Publication information

Source:
Daily Picayune
Source type: newspaper
Document type: editorial
Document title: “The President Passes Away”
Author(s): anonymous
City of publication: New Orleans, Louisiana
Date of publication: 14 September 1901
Volume number: 65
Issue number: 233
Part/Section: 1
Pagination: 4

 
Citation
“The President Passes Away.” Daily Picayune 14 Sept. 1901 v65n233: part 1, p. 4.
 
Transcription
full text
 
Keywords
William McKinley (mourning); William McKinley (relations with American South).
 
Named persons
William McKinley.
 
Document


The President Passes Away

     For the third time in the history of their Republic the American people have seen their Chief Magistrate, chosen by their own suffrages, struck down by the hand of an assassin.
     Learning no lessons from the past, nearly eighty millions of freemen have taken no precautions to guard against such an atrocity, and to-day they sit dumb, as it were, with despair and overwhelmed with grief. To-morrow when they shall awake to the tremendous ominousness of the situation, they will arise in their might and demand a remedy, complete, far-reaching and potential.
     But to-day let them weep, for their grief is the due of him who has been so cruelly and so causelessly sent to his death. For the Republic, the taking away of President McKinley is a great loss, but to us of the Southern States of the Union it is even more serious.
     William McKinley it was who released the South from the ban of a hostile sectionalism.
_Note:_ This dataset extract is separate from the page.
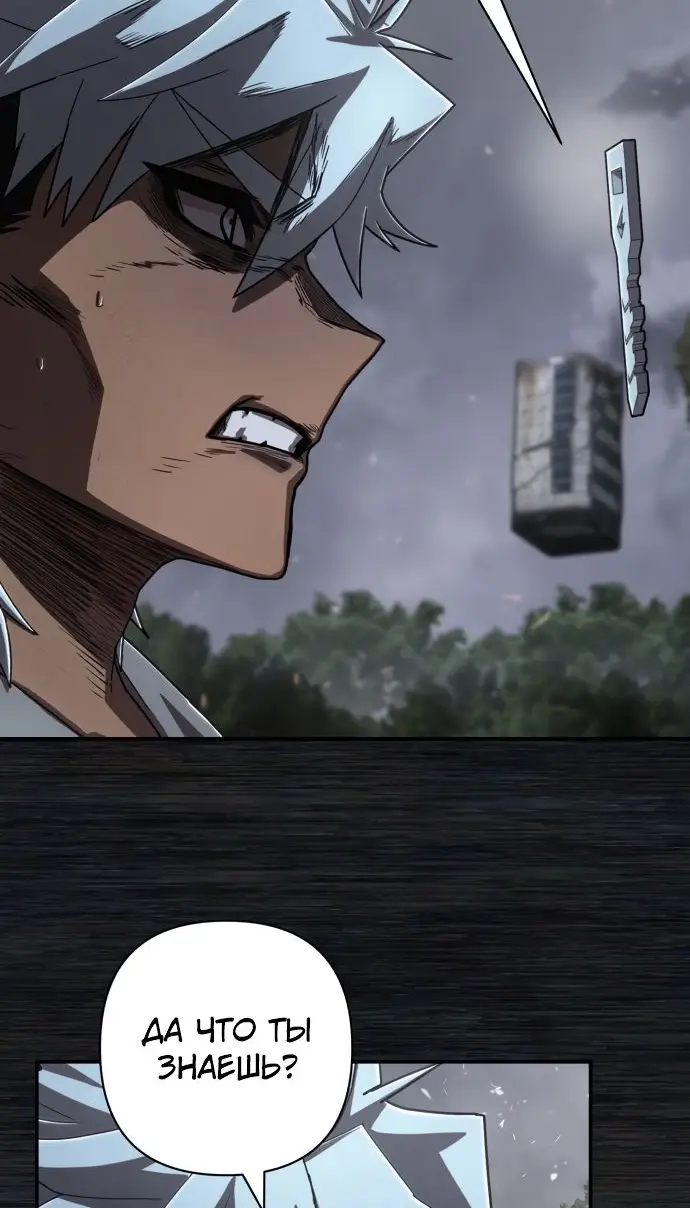 Страница 20 главы 24.0001 манги Герой вернулся / Hero Has Returned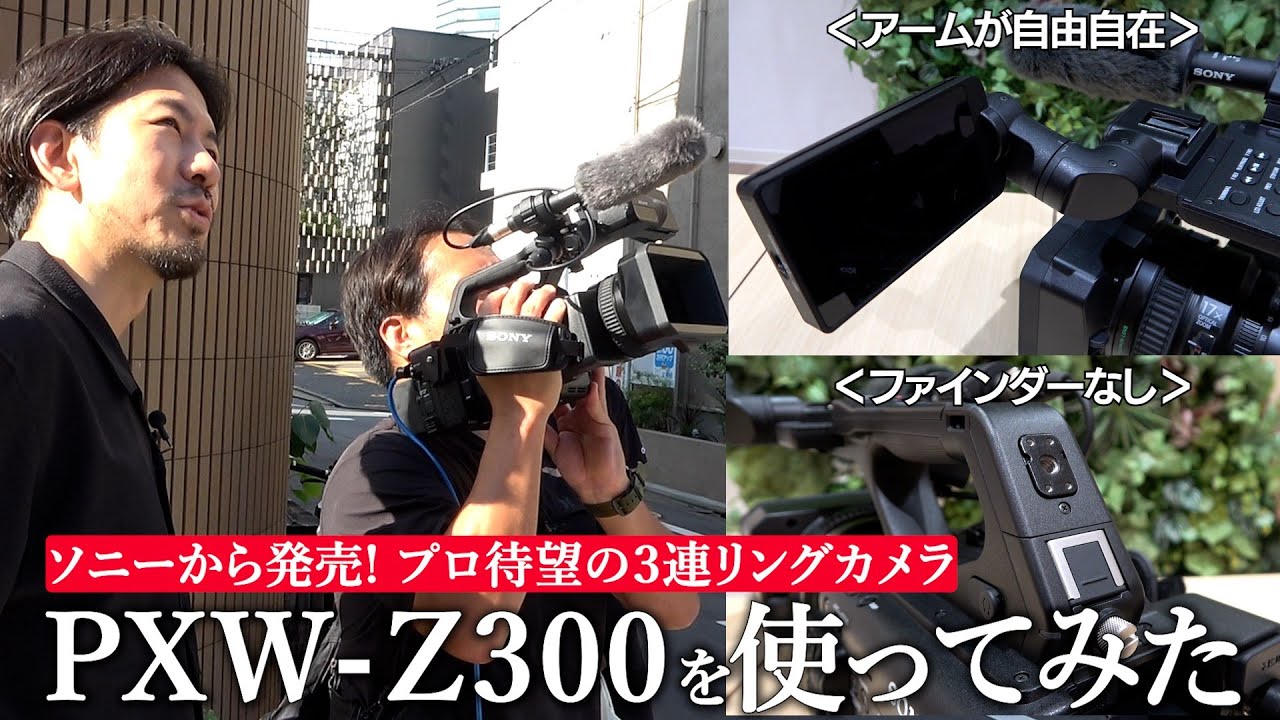 XDCAMメモリーカムコーダー:PXW-Z300 テレビ朝日映像撮影部 テレビカメラマンがレビュー！【ソニー公式】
He was the President of the Republic, the South’s President as much as the North’s, and when he sent the young men of the South to fight for their country side by side with the young men of the North, and when they found they were fighting under the command of the tried and true soldiers who in a former war had led the Confederate hosts, it was then that the Southern people felt that the war of sectionalism had come to an end through the patriotic efforts of William McKinley.
     Let us of the South mourn for him to-day, for we owe him love and reverence. Let our people express their sorrow by draping their city in the garb of mourning, and for one day abstain from their ordinary diversions in respect for the memory of one who was their friend, and who, nevertheless, held the highest official station in the gift of the great American people, a station which placed a simple citizen of this Republic among earth’s proudest monarchs.
     To-day, cut down by the hand of the Mighty Reaper, his head lies as low as the lowliest, and it is because the American people have lost one whom they loved and admired, and were proud to hail as their President, that they mourn.